Authorities were unable to determine the exact cause of the explosion, but concluded that it probably occurred as a result of explosives being mixed. The charred remains of an electric drill with a paint-stirring attachment were found, and the prevailing theory of the cause was that a spark from the drill's motor reached the mixture.[1] Investigators concluded that other possible causes could have been sparking from an electrical wire, light fixture, or other appliance found at the site; and the scraping of boots on the floor.[14] A cigarette lighter and three packs of cigarettes were also found at the site, which investigators determined could have caused the ignition of highly explosive vapors that were byproducts of the manufacturing process.[2] ATF agents estimated that approximately 300 pounds (140 kg) of explosives were detonated in the blast.[15] TEMA later identified the dead as Faye Trentham (38), daughter Tanya Trentham (19), Doris Burns Longmire (29), David Nelce Webb (22, brother of Dan Lee Webb), Sybil Duggan (34), William Lee Burns (38), Beatrice Webb (51, mother of Dan Lee Webb), Dixie Freeman (21), David Parks (38) and his wife Judy (36), and Albert Kenneth Johnson (53, uncle of Dan Lee Webb).[14][16]

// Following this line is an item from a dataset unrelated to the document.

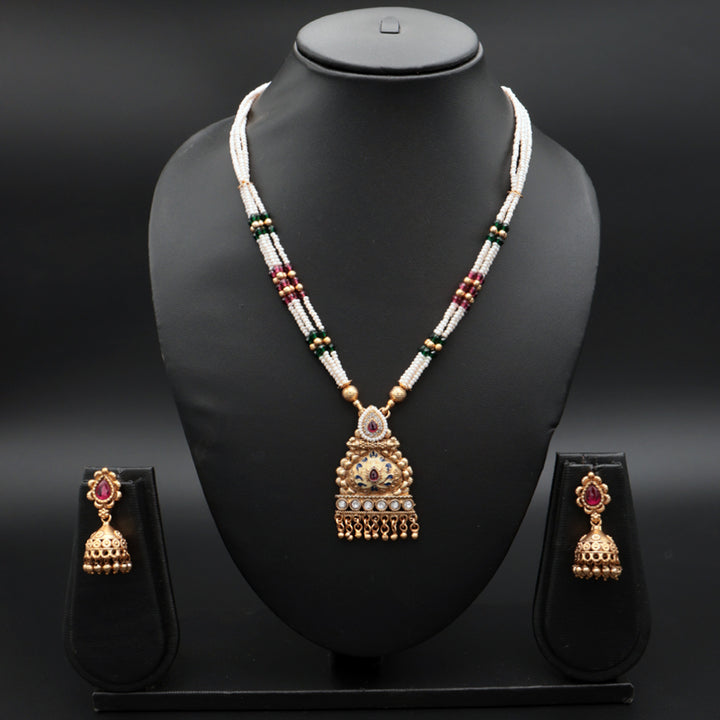 Temple Goddess Pendant Pearl Necklace Set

Authorities found a cache of 172 boxes of unexploded fireworks worth about $20,000[13] (equivalent to $54,414 in 2021) and estimated to weigh more than 2,500 pounds (1,100 kg) and six 55-gallon steel drums full of chemical explosives in a nearby trailer.[17][18] Federal firearms agents also found a firework case eight to ten inches in length and three to four inches in diameter which, due to the large size, prompted Polk County deputies to speculate that some of the explosives were being purchased by people with criminal intents, such as terrorists.[13] The undetonated explosives found were buried in the ground on the farm and later detonated in an open pit in nearby Copperhill having been used as evidence in Webb's trial.[19] The farm was also found to be guarded by an elaborate security system which consisted of surveillance cameras, electric fences, alarms, guard dogs, and warning signs.[14] Polk County Sheriff Frank Payne told reporters that he thought that they were gearing up for the Fourth of July.[14]

Polk County police and multiple media outlets interviewed several people living near the farm. One man, who did not know about the fireworks operation, stated that he had wondered how the farm employed as many people as they did raising worms.[20] One neighbor said that the blast shattered his windows and blew sheetrock off his ceiling.[19] He had been told three months before by the Webbs that they did not want his children to go near the barn.[19] Another neighbor said that he had heard one large blast followed by several smaller blasts over the course of about 20 minutes.[19] The initial blast shattered glass in his living room.[19] Sheriff Payne, a Vietnam War veteran, said that he "hadn't seen anything like this since Vietnam," and equated the explosion to a direct hit from a powerful bomb.[2] Many of the friends and relatives of the victims interviewed stated that they did not know about the operation and were surprised to learn of it.[10][5]

AftermathEdit

Dan Lee Webb, who had been in Lansing, Illinois, delivering 86,400 M-80s during the event, surrendered at the Polk County Jail two days later.[9][21] He was charged with eleven counts of involuntary manslaughter and illegally manufacturing and possessing explosives and jailed with a $300,000 (equivalent to $816,204 in 2021) bond.[10] Linda Sue Webb was held on $50,000 (equivalent to $136,034 in 2021) bail as a material witness in order to ensure her appearance in court.[10][14] She told her defense attorney that she believed that her husband was in the New York–New Jersey area at the time of the blast.[10] Webb's brother Larry was also held as a material witness with a $50,000 (equivalent to $136,034 in 2021) bond, but released shortly thereafter.[10] On April 19, 1984, Dan Lee Webb received a ten-year federal prison sentence for manufacturing explosives without a license.[22] On May 1, 1984, he pleaded guilty to the manslaughter charges and received a ten-year prison sentence.[22] He served it concurrently with the federal sentence and in addition was fined $10,000 (equivalent to $26,083 in 2021).[22]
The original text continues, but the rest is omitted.